Artists Info's Bob Barron'e exhibition runs until March 7th and shows 31 artworks. Wishing you a great show, Bob!
Barron’s art is an attempt to express vague musings about the passage of time made corporeal through certain images, surfaces and textures. He works primarily with mixed media and is interested in the idea of recycling materials that have been discarded as waste and turning them into art.
He uses card that he collects from local outlets. He then cuts, tears, paints and re-assemblesthe various pieces. Sometimes he attempts to remove the fresh paint to reveal parts of the text on the card or he will score and scratch the surface or perhaps sand it down to reveal the corrugations beneath. Barron uses a muted palette and similar motifs recur throughout the work: fragments of Greco-Roman sculpture, astronomical references, handprints, footprints, circles, squares – a small lexicon but all that’s needed to present us with a coherent artistic vision.

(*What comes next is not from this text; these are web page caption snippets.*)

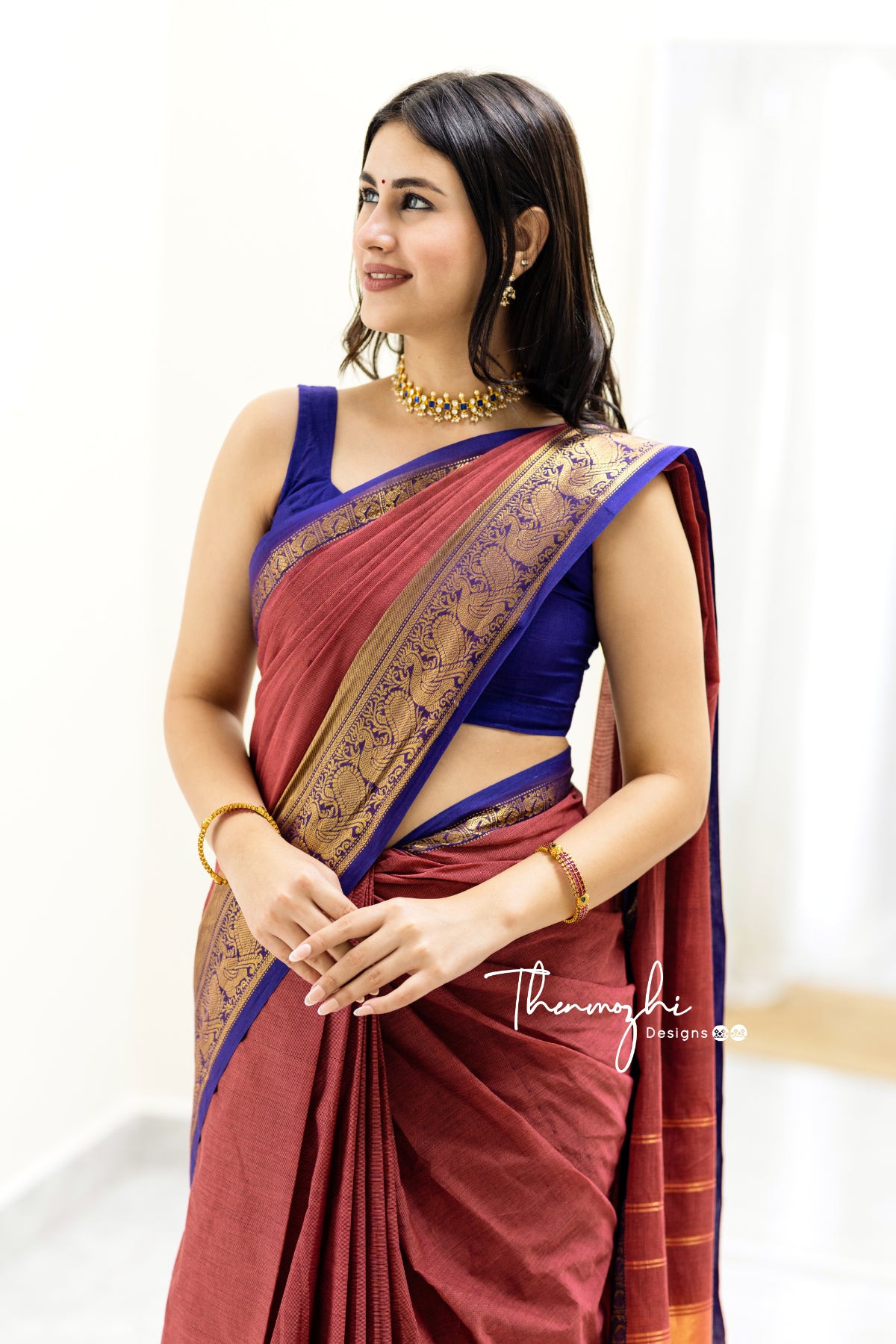 Soorya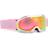 Bling2o Kids' Stones of Rainbow Ski Goggles Multi
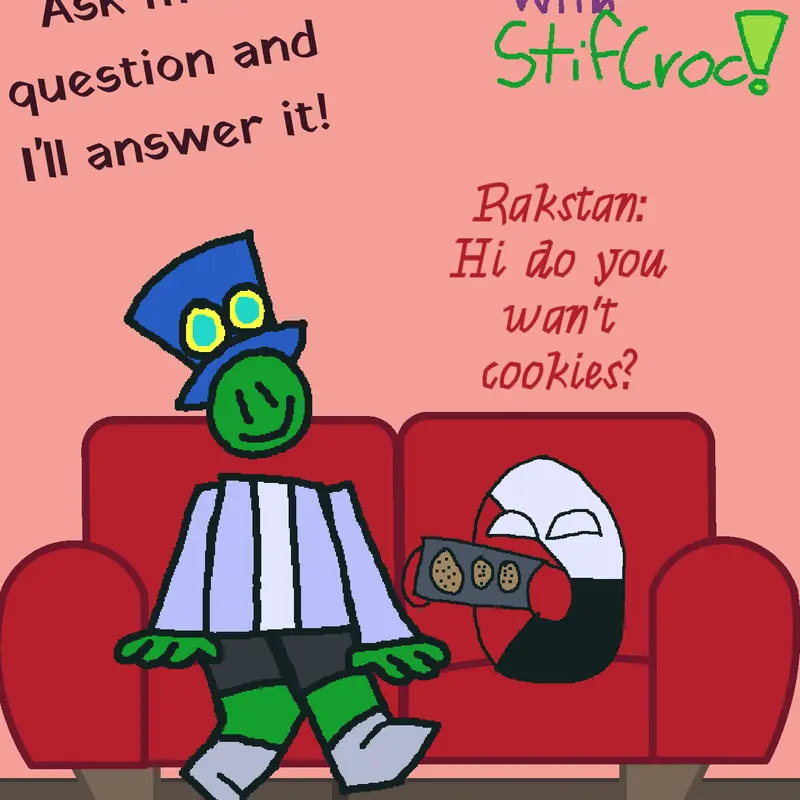 Game by @rakstan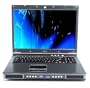 FutureTop.net CommandTop -- The Fastest Laptop In The World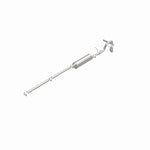 MagnaFlow BRE Exhaust Kit 87-95 Ford F-150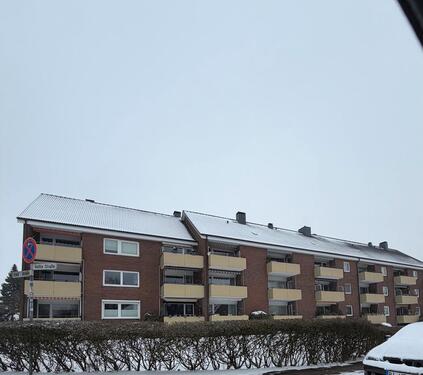 Foto - andere zur Miete in Rellingen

He has further used this interest in the use of discarded materials by working with old and broken roof slates. He washes the slates clean from years of soot and grime and scores into the surface with a sharp point before assembling the various pieces.
Barron explains: ‘I like the idea of working with slate because of the age and nature of the material.
Slate is of sedimentary origin, formed from the deposits of minerals collected on the beds of ancient seas millions of years ago. Movement of the Earth's crust, retreating seas and glaciation meant these ancient sea beds emerged to the Earth’s surface where they were eventually quarried by man to provide shelter from the winds and the rain. The slate I use has served this purpose and is eroded and marked by exposure to the elements as well as by man-made pollutants in the atmosphere. I am interested in the journey from the seabed to the quarry, from the quarry to the rooftop, and from the rooftop to the artwork.’
He added: ‘My work is essentially about communicating a certain aesthetic. There are some lines which Robert Hughes wrote about Richard Diebenkorn’s Ocean Park series of paintings which are pinned up in my studio:
"One hears neither the chant of surging millions, nor even the chorus of a movement, but one measured voice, quietly and tersely explaining why this light, this colour, this intrusion of a 30 degree angle into a glazed and modulated field might be valuable in the life of the mind and of feeling."
I am interested in the life of the mind and of feeling, but, nevertheless, people confronting the work will make of it what they will.’